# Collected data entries
========

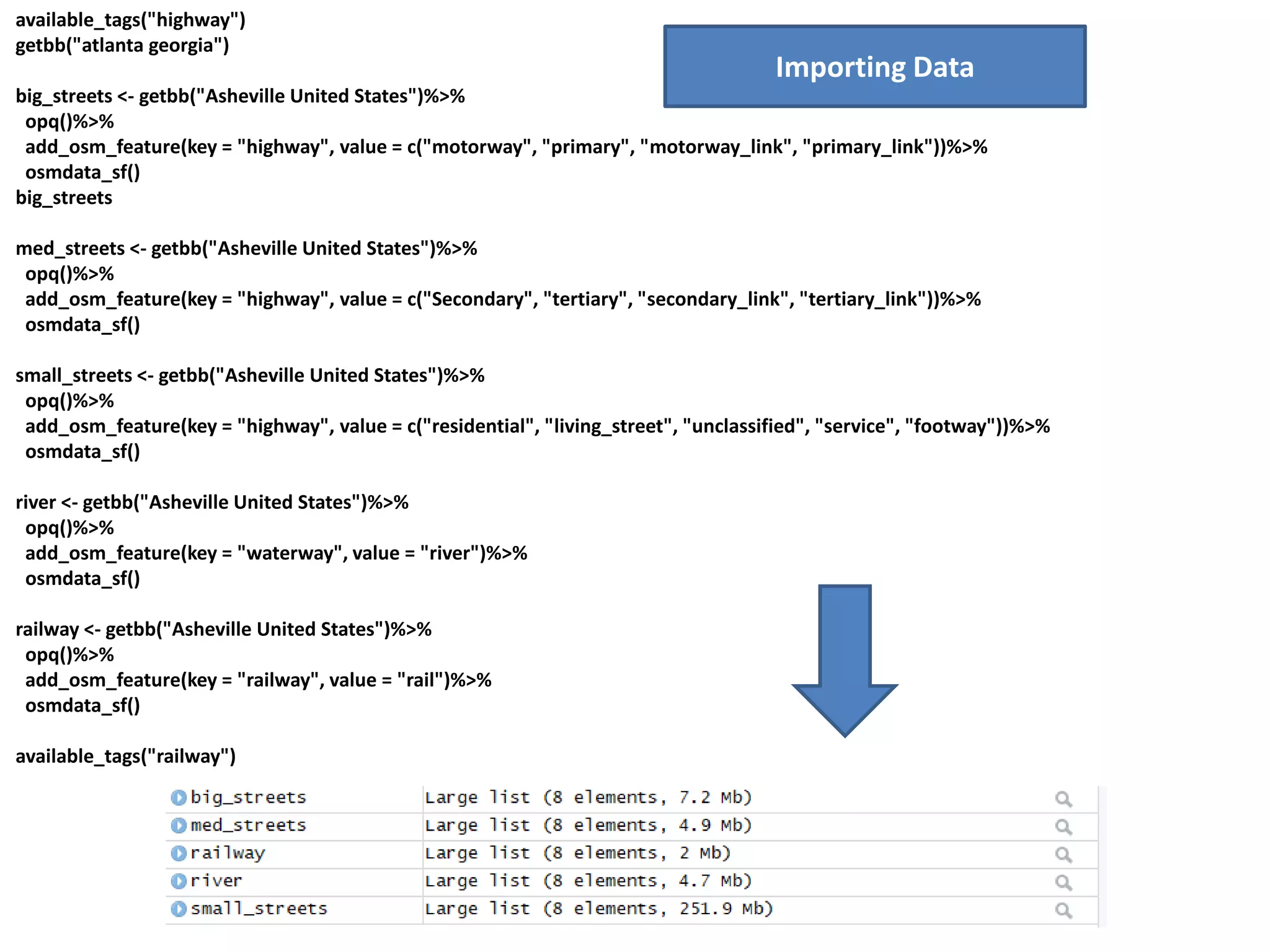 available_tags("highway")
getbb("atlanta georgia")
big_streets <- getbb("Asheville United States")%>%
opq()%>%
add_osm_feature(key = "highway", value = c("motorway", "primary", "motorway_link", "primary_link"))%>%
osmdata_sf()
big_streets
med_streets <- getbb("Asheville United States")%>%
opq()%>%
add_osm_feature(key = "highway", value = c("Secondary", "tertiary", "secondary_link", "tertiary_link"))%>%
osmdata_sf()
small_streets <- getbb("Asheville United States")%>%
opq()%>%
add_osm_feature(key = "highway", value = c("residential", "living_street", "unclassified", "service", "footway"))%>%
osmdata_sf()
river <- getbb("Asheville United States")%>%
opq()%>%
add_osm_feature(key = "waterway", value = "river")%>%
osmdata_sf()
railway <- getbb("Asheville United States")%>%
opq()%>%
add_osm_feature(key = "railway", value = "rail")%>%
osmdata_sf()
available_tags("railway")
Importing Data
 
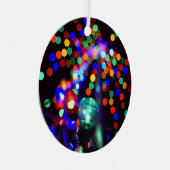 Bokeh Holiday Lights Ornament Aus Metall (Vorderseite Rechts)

========

# YOUR OBJECTIVE
In the copy, each entry above must match exactly, and no picture may be carried over.

# RESPONSE
 available_tags("highway")
getbb("atlanta georgia")
big_streets <- getbb("Asheville United States")%>%
opq()%>%
add_osm_feature(key = "highway", value = c("motorway", "primary", "motorway_link", "primary_link"))%>%
osmdata_sf()
big_streets
med_streets <- getbb("Asheville United States")%>%
opq()%>%
add_osm_feature(key = "highway", value = c("Secondary", "tertiary", "secondary_link", "tertiary_link"))%>%
osmdata_sf()
small_streets <- getbb("Asheville United States")%>%
opq()%>%
add_osm_feature(key = "highway", value = c("residential", "living_street", "unclassified", "service", "footway"))%>%
osmdata_sf()
river <- getbb("Asheville United States")%>%
opq()%>%
add_osm_feature(key = "waterway", value = "river")%>%
osmdata_sf()
railway <- getbb("Asheville United States")%>%
opq()%>%
add_osm_feature(key = "railway", value = "rail")%>%
osmdata_sf()
available_tags("railway")
Importing Data
 
 Bokeh Holiday Lights Ornament Aus Metall (Vorderseite Rechts)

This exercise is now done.